I have read the original answer in the archives, and I won't argue
with its facts and figures. However, I think it may be misleading.
It quotes the molar enthalpies of vaporization of water and isopropyl
alcohol, notes that the value is higher for isopropyl alcohol, and
lets it go at that. What this means in English is that a molecule of
isopropyl alcohol absorbs more energy (heat) when it evaporates than a
molecule of water does.
However, the molecules aren't the same size. The molar mass of water
is 18 g/mol, while isopropyl alcohol is 60 g/mol, more than triple
water's. And note that their enthalpies of vaporization aren't very
different--that means that when 1 gram of water evaporates, it absorbs
nearly three times as much heat as 1 gram of isopropyl alcohol
Now, isopropyl alcohol boils at a lower temperature than water, and it
is more volatile than water at lower temperatures as well. This means
that its equilibrium vapor pressure is higher at all temperatures.
The effect of this is that if you have equal amounts of isopropyl
alcohol and water on your skin, much more of the alcohol will
evaporate over a short period of time. This means the evaporation
process will consume more energy per second.
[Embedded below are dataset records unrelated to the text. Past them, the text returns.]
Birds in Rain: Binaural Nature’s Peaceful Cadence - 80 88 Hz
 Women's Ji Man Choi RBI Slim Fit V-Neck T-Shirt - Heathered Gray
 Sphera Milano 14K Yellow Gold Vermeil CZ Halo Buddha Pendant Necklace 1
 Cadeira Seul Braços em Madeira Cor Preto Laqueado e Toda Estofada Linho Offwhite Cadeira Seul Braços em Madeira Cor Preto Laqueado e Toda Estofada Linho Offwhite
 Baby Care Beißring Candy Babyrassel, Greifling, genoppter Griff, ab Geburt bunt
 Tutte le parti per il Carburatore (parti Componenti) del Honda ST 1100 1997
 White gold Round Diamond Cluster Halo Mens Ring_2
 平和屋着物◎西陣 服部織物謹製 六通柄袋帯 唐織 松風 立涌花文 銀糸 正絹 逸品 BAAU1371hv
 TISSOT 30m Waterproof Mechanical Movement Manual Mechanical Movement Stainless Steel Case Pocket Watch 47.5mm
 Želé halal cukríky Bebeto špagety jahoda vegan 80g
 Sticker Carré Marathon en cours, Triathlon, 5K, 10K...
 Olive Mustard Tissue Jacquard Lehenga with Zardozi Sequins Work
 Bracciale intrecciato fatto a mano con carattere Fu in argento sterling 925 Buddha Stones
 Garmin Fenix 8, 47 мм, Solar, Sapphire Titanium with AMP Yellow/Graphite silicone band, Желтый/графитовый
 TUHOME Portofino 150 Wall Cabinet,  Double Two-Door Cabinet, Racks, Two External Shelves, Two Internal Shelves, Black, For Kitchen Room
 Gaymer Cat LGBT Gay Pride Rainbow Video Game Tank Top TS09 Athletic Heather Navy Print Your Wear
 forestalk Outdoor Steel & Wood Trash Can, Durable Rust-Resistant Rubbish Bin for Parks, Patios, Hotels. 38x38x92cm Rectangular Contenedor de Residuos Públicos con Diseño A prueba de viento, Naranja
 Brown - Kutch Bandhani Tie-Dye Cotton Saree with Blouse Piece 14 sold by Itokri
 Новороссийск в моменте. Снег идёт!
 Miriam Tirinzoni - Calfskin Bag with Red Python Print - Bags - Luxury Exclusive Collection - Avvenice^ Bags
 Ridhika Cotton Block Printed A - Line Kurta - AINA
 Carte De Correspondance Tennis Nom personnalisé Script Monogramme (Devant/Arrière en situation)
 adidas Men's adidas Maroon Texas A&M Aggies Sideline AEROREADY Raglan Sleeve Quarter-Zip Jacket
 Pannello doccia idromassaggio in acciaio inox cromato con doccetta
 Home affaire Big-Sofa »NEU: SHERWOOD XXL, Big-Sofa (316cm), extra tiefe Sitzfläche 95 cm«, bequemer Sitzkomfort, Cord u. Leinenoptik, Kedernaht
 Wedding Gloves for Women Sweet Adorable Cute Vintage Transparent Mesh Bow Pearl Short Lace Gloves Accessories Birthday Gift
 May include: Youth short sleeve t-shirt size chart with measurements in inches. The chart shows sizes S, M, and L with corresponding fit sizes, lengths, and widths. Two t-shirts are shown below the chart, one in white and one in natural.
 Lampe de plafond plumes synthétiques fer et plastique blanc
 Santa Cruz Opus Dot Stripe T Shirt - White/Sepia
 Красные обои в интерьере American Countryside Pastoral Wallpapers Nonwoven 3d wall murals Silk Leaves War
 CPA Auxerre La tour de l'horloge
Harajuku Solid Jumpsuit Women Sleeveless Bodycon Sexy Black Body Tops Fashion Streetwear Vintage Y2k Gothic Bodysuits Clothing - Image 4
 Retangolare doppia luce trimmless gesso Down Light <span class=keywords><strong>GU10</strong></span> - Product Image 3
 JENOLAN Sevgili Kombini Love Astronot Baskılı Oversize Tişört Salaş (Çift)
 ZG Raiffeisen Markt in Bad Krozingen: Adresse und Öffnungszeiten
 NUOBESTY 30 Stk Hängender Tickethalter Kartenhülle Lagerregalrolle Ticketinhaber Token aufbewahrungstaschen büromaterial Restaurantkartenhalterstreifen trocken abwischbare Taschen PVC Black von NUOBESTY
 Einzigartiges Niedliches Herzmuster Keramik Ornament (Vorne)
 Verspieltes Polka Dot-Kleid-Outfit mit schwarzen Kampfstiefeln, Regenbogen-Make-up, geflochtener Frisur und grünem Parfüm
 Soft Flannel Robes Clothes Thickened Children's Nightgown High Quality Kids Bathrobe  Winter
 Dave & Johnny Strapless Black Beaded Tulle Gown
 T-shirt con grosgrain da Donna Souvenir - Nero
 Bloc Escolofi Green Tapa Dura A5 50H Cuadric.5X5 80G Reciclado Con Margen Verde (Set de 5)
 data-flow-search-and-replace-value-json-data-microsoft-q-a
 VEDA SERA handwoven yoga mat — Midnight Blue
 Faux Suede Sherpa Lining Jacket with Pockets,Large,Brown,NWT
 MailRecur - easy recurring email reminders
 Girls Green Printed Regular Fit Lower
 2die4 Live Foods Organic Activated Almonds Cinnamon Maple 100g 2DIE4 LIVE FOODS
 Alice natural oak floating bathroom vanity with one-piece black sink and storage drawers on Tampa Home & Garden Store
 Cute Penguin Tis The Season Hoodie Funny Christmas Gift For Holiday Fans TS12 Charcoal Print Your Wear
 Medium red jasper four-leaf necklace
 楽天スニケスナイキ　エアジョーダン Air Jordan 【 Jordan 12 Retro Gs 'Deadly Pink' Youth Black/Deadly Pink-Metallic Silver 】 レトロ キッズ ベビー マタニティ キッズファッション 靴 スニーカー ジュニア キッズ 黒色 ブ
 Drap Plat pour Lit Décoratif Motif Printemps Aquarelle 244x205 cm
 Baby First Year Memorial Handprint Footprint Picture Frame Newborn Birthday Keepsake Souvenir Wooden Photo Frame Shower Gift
Although evaporating
equal masses of alcohol and water will require much more energy in the
case of the water, it consumes energy faster in the case of the
Richard Barrans, Ph.D., M.Ed.
Department of Physics and Astronomy
University of Wyoming
I think you're right, Michael.
I can't compare numbers of latent heat of evaporation right now.
I suspect that of water would be larger per unit volume or mass.
Not sure about per mol or per volume vapor.
Not sure which basis is most relevant for evaporative cooling.
However I'd start by considering latent heats of water and alcohol
The most active variable is vapor pressure.
I'd see the evaporative cooling process like this:
you have "wet" hands in nearly still air,
which air is replaced occasionally by random breezes or hand movements.
While the air is still, the vapor of alcohol or water builds up
to steady-state concentrations in the air near the hands.
("Near" meaning on the order of one diffusion length of vapor in air,
which varies as the square-root of the time that no motion occurs.)
Once built up, the evaporation rate decreases to a low value
and no longer feels very cool.
Then some motion occurs, the vapor is dispersed and will build-up all
resulting in a new surge of cooling sensation.
Your impression of the coolness of a liquid is proportional to the
net energy removed by each surge of evaporation.
And that will be very roughly proportional to the concentration of
vapor in the air.
Isopropyl alcohol has a considerably higher vapor pressure at room
temperature than water.
Ethanol higher than that, and Methanol really high, being a largish
fraction of an atmosphere.
So, perception of coolness will be in that sequence: water,
isopropanol, ethanol, methanol.
Presuming of course the latent heats are effectively similar,
or at least less different than the vapor pressures.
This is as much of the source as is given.